- [Work instruction]: Word for word, restate the records from their first line through the line with "If you have any", both ends included; omit each picture.

- [Stored data]:
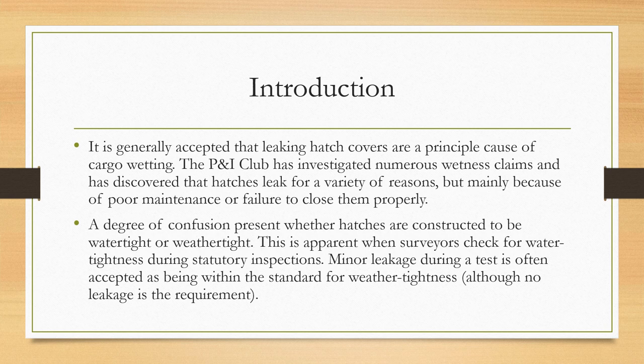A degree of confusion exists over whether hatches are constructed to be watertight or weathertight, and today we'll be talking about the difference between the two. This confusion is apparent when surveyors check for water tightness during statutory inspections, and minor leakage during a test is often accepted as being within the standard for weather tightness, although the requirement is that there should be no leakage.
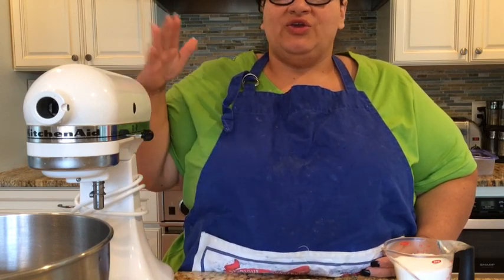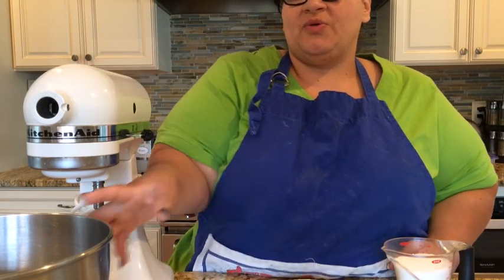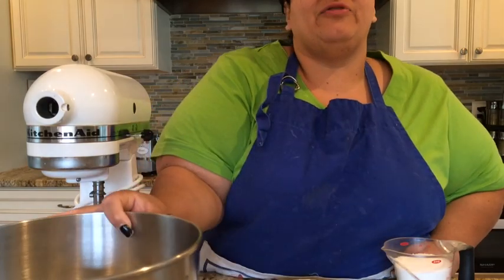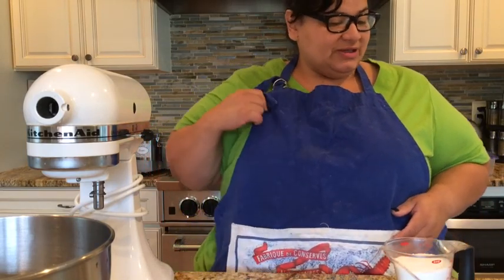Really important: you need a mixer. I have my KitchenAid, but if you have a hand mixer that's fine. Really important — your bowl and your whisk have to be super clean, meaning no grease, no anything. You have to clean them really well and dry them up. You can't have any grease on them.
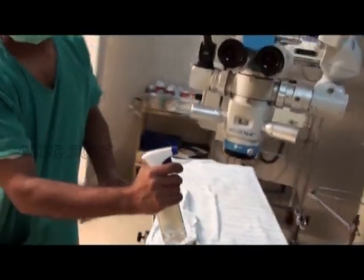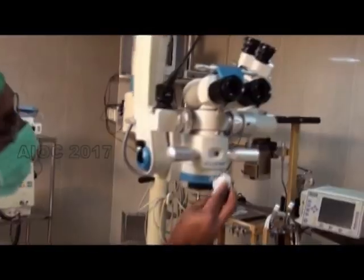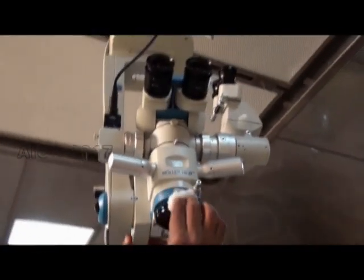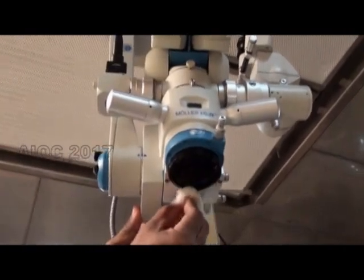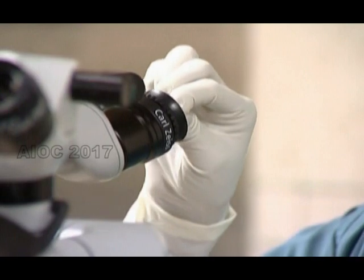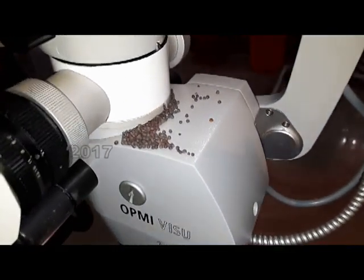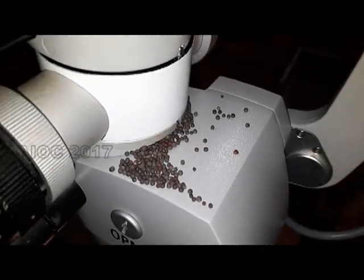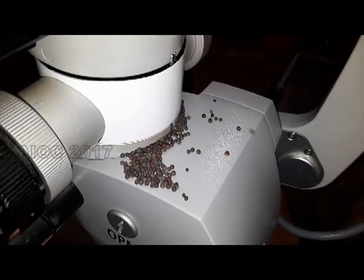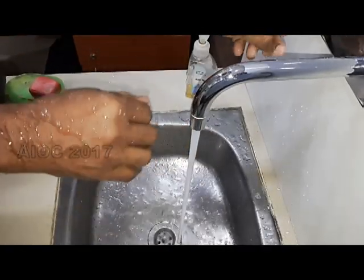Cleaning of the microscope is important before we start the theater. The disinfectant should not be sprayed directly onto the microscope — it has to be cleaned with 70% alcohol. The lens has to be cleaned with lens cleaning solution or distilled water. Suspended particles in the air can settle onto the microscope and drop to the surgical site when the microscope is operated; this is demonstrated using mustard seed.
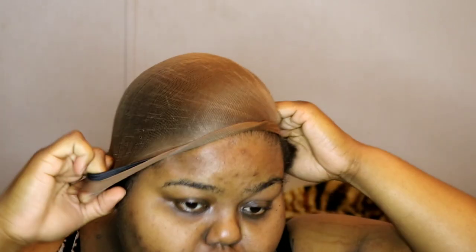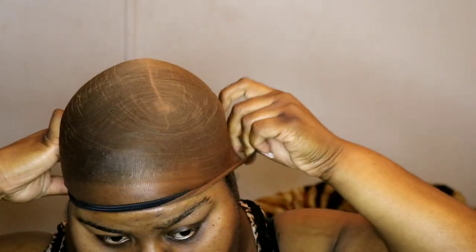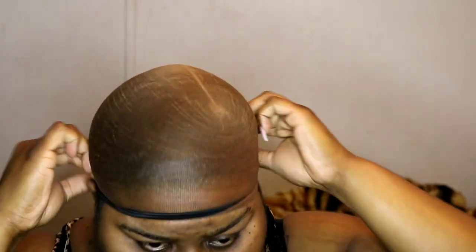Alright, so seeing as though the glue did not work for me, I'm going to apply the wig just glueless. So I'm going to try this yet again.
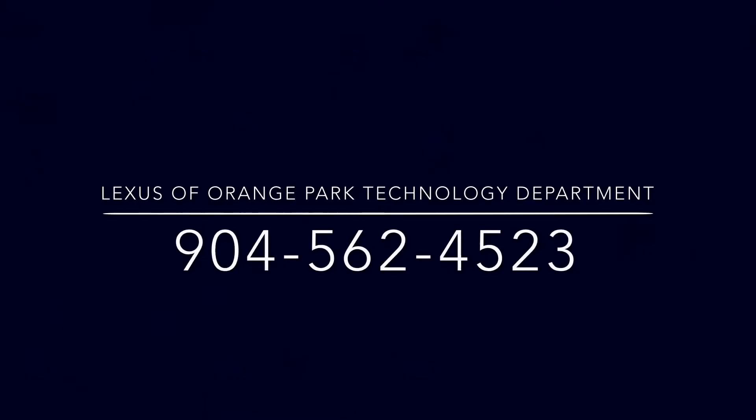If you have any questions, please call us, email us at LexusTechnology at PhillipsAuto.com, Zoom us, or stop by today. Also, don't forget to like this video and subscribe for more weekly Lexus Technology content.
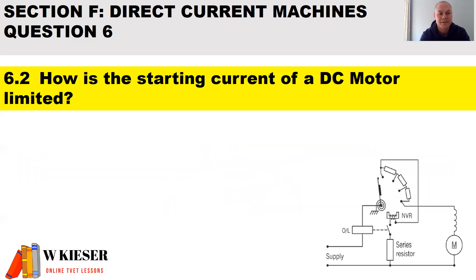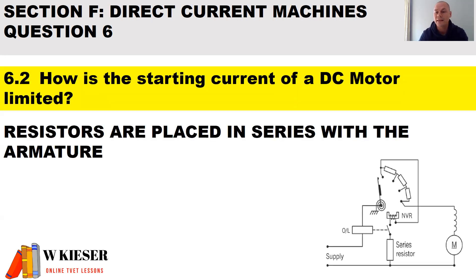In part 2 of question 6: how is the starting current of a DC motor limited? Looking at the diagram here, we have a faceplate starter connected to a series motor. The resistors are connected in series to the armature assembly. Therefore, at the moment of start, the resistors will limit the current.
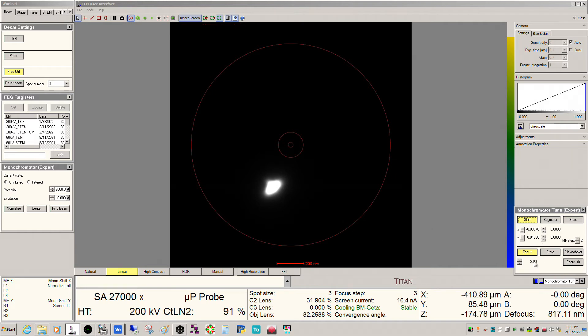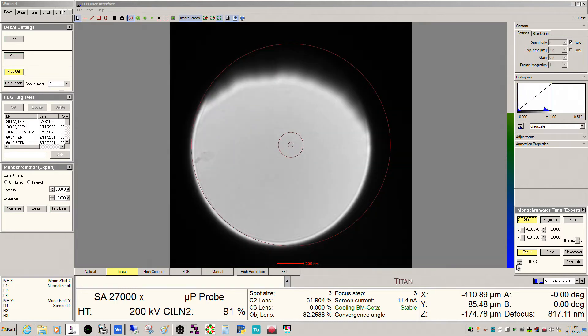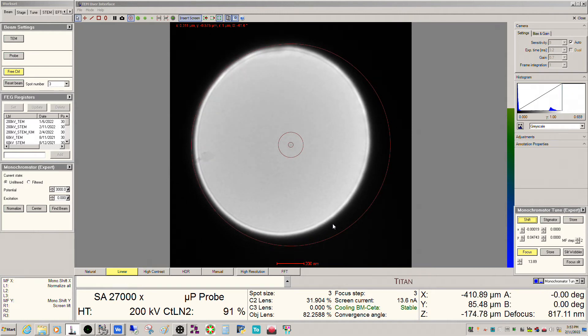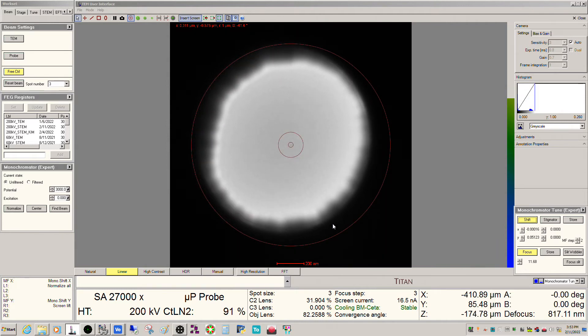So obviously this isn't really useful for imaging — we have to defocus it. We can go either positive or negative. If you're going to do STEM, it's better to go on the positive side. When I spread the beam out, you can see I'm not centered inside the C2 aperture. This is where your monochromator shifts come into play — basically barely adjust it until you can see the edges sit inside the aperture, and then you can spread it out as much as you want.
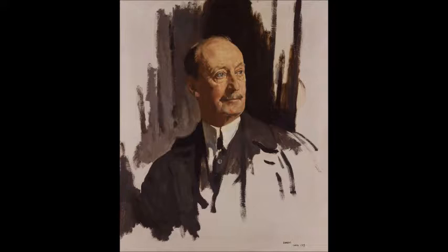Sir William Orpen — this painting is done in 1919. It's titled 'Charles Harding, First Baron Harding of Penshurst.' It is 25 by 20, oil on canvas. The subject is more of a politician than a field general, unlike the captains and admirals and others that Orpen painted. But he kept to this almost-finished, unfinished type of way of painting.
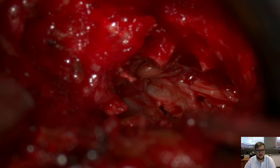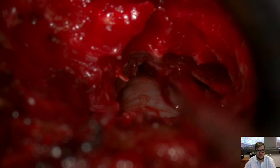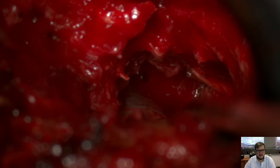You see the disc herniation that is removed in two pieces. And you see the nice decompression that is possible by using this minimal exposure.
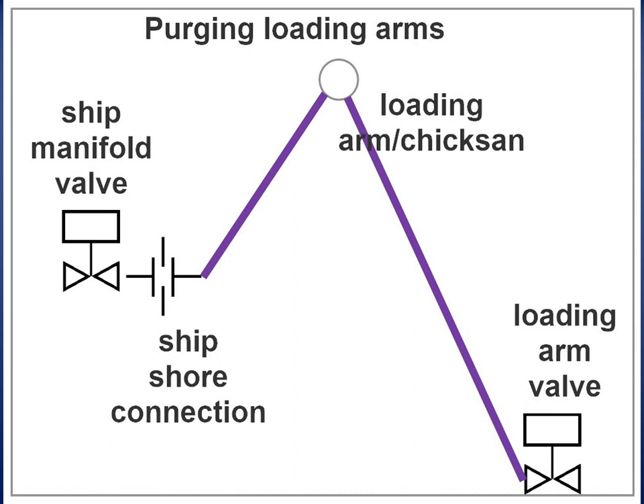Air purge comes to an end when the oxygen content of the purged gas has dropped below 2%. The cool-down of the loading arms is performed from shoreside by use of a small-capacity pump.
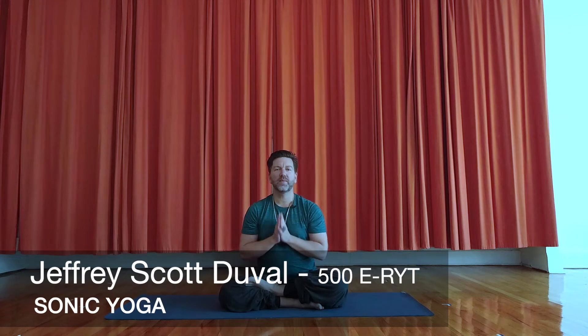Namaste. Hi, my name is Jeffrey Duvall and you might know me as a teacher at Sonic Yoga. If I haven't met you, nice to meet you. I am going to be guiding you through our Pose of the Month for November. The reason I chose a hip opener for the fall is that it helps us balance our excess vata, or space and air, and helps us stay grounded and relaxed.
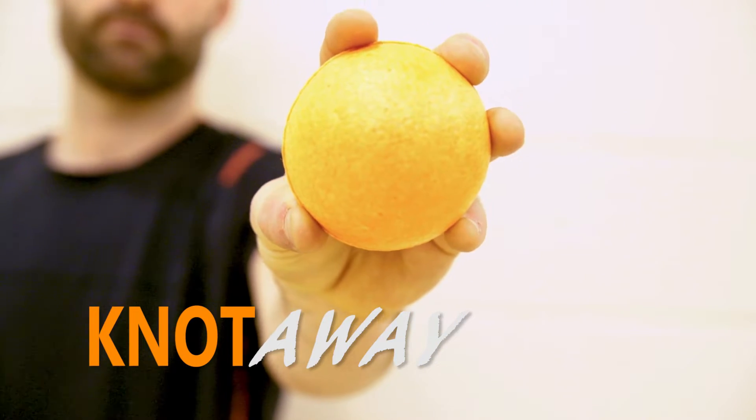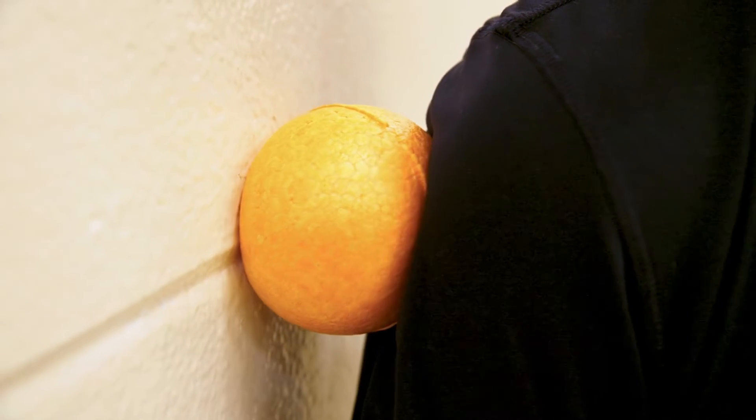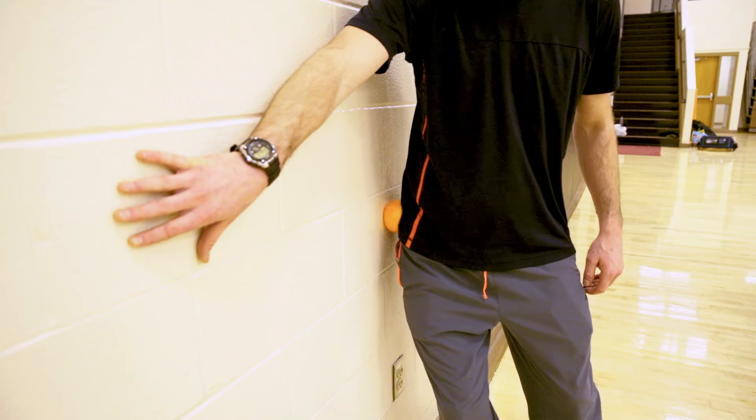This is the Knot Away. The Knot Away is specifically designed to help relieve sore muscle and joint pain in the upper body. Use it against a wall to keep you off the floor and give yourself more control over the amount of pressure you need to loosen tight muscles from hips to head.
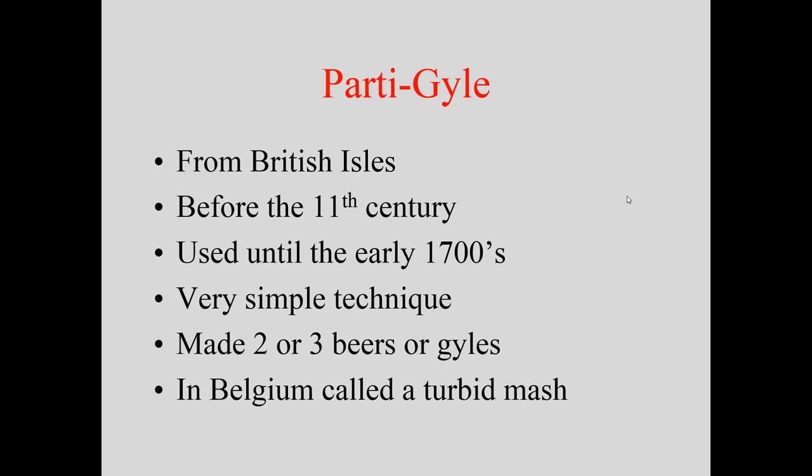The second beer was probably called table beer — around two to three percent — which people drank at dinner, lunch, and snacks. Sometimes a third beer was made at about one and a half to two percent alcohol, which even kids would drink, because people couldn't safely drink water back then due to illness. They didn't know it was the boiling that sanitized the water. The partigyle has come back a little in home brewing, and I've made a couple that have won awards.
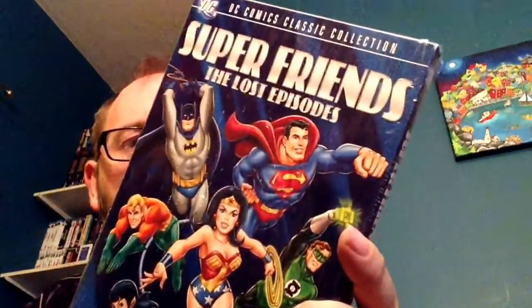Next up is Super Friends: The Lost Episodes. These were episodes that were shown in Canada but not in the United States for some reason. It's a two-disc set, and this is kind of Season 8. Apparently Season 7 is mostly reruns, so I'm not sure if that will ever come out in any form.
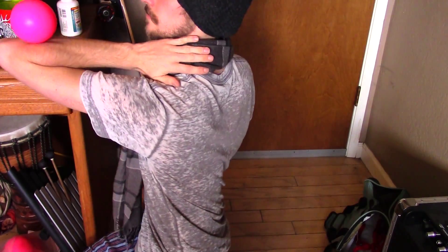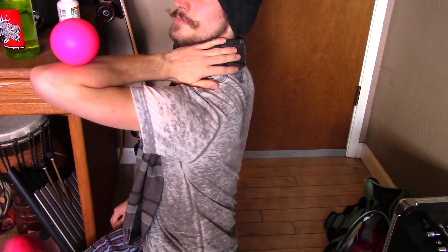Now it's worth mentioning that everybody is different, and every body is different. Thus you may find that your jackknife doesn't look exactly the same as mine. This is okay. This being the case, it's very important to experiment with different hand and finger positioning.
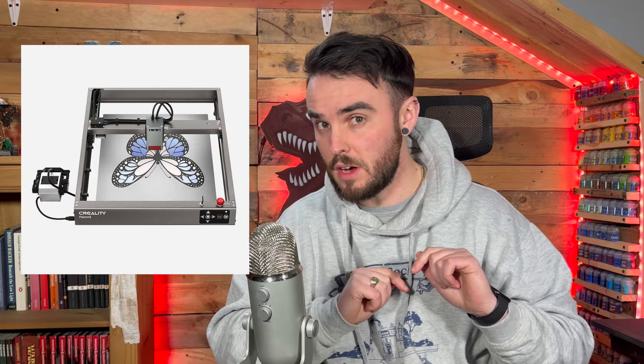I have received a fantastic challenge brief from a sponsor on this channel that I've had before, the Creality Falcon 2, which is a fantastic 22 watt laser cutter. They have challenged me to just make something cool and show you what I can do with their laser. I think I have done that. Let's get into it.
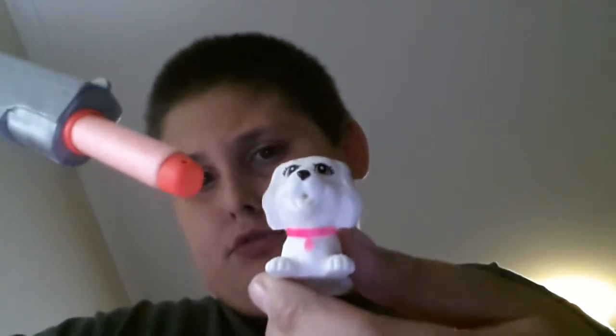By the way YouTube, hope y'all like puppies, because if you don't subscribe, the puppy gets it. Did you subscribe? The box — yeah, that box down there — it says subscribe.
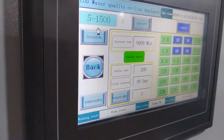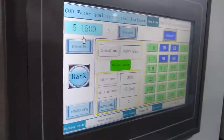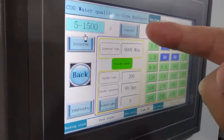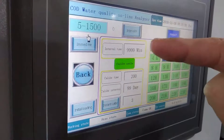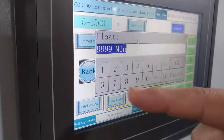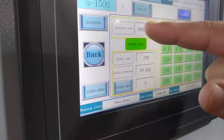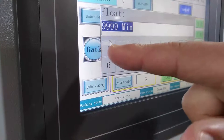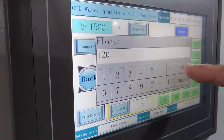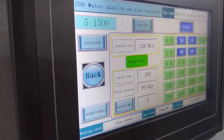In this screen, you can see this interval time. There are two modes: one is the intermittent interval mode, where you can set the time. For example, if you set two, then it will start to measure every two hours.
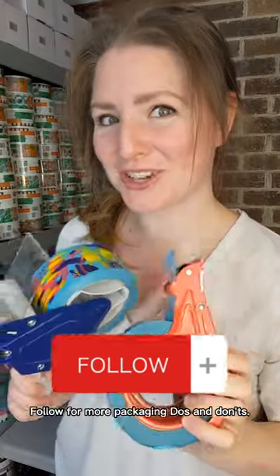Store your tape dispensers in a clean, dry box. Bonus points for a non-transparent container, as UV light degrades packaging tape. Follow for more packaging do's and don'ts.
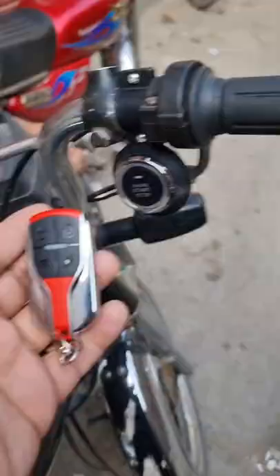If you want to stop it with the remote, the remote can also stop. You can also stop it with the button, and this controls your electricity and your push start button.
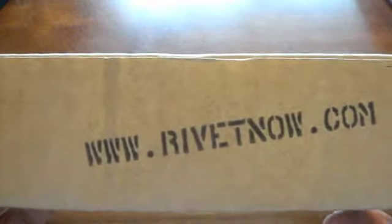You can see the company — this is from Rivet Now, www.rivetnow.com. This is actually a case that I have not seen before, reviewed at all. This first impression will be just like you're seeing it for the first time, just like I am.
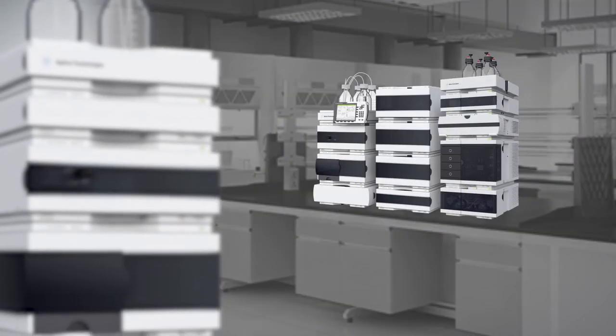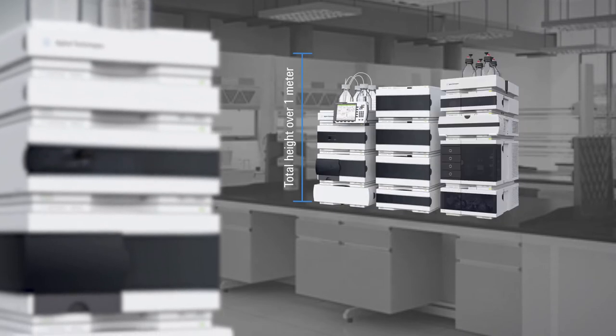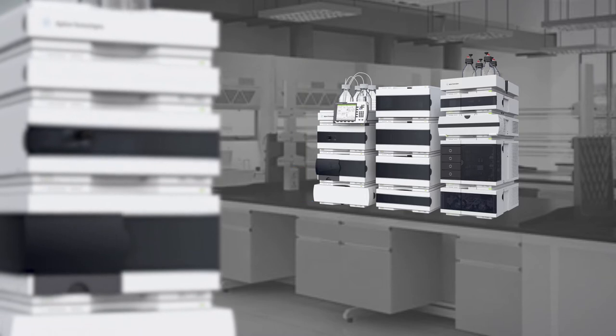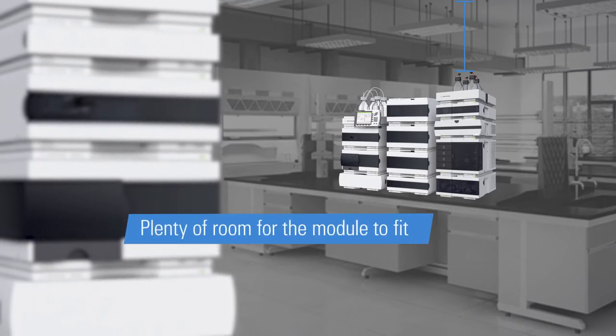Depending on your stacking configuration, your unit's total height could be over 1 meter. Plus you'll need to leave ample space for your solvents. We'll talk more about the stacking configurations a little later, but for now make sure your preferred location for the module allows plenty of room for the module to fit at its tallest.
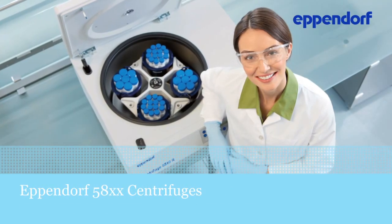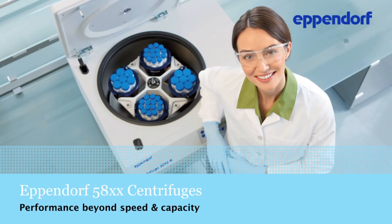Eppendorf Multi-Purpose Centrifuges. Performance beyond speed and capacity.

- [Task answer]:
A degree of confusion exists over whether hatches are constructed to be watertight or weathertight, and today we'll be talking about the difference between the two. This confusion is apparent when surveyors check for water tightness during statutory inspections, and minor leakage during a test is often accepted as being within the standard for weather tightness, although the requirement is that there should be no leakage.
Really important: you need a mixer. I have my KitchenAid, but if you have a hand mixer that's fine. Really important — your bowl and your whisk have to be super clean, meaning no grease, no anything. You have to clean them really well and dry them up. You can't have any grease on them.
Cleaning of the microscope is important before we start the theater. The disinfectant should not be sprayed directly onto the microscope — it has to be cleaned with 70% alcohol. The lens has to be cleaned with lens cleaning solution or distilled water. Suspended particles in the air can settle onto the microscope and drop to the surgical site when the microscope is operated; this is demonstrated using mustard seed.
Alright, so seeing as though the glue did not work for me, I'm going to apply the wig just glueless. So I'm going to try this yet again.
If you have any questions, please call us, email us at LexusTechnology at PhillipsAuto.com, Zoom us, or stop by today. Also, don't forget to like this video and subscribe for more weekly Lexus Technology content.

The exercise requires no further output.